Your job with the data below is to output exactly the lines from the one holding "Gemlik Saç Ekim Merkezi 2" down to the one holding "immune thrombocytopenic purpura onmedica", both included, and no others.

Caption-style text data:

——————

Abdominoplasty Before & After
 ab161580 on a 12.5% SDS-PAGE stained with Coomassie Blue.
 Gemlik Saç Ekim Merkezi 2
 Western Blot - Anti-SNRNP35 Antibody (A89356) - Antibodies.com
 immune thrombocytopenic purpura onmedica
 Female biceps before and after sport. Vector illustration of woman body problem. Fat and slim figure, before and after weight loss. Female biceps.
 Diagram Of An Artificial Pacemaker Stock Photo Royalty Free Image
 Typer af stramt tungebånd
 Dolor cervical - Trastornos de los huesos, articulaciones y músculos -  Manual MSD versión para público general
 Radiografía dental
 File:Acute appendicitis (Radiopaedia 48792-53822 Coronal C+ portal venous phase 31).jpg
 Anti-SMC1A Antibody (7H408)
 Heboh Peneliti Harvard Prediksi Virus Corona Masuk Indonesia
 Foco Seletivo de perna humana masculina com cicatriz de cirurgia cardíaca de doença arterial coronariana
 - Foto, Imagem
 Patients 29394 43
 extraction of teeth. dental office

——————

**Result**
 Gemlik Saç Ekim Merkezi 2
 Western Blot - Anti-SNRNP35 Antibody (A89356) - Antibodies.com
 immune thrombocytopenic purpura onmedica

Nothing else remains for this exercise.